The United States Department of Defense’s Future Vertical Lift Program has been working to develop a new generation of improved vertical takeoff and landing (VTOL) aircraft for the U.S. Armed Forces.
The program aims to find a replacement for the Army’s UH-60 Black Hawk, which is close to retirement. However, the program may have found a potential successor – Bell Helicopter’s V-280 – which incorporates carbon fiber in the helicopter’s wing, fuselage and tail.
The V-280 has 11 investing partners who worked on various elements of the plane, including: GKN Aerospace (the plane’s tail structure), Spirit AeroSystems (the plane’s fuselage), Eagle Technologies (the tiltrotor), and Toray Composites America (supplied carbon fiber prepregs).
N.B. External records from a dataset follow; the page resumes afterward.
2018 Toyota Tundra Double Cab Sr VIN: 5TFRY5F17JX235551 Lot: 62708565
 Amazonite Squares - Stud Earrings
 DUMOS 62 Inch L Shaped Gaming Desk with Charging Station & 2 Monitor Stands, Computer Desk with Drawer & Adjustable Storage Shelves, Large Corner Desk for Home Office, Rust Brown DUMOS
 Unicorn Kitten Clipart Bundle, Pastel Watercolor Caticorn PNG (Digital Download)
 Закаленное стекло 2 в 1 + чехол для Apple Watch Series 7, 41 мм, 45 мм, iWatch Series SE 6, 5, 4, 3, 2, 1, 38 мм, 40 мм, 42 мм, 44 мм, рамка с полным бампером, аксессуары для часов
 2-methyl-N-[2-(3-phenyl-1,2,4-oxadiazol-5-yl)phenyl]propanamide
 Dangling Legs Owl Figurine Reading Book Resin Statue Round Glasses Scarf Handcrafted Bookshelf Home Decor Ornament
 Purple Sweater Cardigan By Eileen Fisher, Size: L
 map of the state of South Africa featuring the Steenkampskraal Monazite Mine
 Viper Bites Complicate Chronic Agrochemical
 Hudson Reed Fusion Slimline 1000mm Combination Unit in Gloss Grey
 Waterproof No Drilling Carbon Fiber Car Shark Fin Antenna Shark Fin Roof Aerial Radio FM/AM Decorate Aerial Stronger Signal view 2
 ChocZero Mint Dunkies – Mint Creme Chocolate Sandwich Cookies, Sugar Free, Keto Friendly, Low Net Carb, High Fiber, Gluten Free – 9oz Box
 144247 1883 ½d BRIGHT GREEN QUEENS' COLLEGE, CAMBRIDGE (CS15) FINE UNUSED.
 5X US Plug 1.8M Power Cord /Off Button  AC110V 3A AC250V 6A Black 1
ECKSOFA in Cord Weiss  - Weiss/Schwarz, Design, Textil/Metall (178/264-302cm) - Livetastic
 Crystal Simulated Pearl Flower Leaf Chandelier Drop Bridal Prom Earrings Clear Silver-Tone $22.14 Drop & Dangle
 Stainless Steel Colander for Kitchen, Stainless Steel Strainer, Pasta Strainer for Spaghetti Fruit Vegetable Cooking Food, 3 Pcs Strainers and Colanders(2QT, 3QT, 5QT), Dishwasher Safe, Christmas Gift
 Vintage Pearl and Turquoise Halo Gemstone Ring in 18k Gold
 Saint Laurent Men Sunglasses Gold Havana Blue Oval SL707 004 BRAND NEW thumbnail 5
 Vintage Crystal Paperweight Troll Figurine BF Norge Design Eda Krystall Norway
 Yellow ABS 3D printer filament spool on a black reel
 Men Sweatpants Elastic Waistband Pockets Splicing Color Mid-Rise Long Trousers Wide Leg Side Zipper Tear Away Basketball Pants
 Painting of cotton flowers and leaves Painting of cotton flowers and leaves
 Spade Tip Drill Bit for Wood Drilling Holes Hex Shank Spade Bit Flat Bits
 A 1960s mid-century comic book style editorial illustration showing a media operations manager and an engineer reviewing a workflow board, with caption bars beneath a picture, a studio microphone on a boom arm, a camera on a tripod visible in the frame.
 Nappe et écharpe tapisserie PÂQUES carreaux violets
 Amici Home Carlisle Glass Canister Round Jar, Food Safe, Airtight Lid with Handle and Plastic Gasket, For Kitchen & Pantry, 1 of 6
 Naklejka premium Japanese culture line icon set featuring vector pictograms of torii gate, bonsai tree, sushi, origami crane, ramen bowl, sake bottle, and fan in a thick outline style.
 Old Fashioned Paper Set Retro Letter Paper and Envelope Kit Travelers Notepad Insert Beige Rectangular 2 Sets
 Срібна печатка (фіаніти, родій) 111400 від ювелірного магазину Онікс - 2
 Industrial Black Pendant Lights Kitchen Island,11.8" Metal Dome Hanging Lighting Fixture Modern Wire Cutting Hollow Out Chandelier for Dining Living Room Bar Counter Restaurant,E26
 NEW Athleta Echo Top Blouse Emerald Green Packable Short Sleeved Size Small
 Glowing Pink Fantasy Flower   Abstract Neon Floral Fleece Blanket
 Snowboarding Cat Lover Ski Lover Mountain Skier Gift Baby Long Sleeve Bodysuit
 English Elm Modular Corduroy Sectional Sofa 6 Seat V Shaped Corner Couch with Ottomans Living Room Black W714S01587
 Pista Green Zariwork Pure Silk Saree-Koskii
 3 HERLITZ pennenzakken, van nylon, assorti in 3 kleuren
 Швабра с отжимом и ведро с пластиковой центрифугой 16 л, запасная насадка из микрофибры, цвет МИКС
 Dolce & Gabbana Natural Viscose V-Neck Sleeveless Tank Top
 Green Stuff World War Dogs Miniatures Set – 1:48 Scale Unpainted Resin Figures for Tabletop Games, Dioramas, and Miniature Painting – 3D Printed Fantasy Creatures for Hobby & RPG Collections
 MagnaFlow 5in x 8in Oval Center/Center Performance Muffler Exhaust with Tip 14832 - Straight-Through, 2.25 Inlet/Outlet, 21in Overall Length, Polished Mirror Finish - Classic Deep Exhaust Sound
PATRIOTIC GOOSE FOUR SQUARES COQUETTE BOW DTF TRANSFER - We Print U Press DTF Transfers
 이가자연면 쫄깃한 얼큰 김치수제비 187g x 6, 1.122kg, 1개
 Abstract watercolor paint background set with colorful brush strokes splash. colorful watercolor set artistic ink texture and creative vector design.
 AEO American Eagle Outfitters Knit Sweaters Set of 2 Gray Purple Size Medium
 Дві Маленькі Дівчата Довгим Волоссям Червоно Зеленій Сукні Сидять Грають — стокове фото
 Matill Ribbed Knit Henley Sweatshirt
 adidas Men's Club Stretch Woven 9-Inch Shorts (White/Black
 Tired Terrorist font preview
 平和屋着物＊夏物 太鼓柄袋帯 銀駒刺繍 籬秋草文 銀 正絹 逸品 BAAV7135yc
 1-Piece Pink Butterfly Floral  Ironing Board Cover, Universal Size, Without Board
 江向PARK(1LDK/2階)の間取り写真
According to Aviation Week, the V-280’s “major components” are its carbon fiber wing, prop rotor gearbox and composite yoke for the rotor hub. The outlet adds that the wing is the first use of large-cell carbon core composites—a sandwich of carbon-fiber skins and honeycomb. The hub yoke is laid up from composite fabrics and uses open-face tooling around the edges. The V-280 also has the first all-carbon tiltrotor blade. All of these elements helped cut overall weight and cost for the helicopter.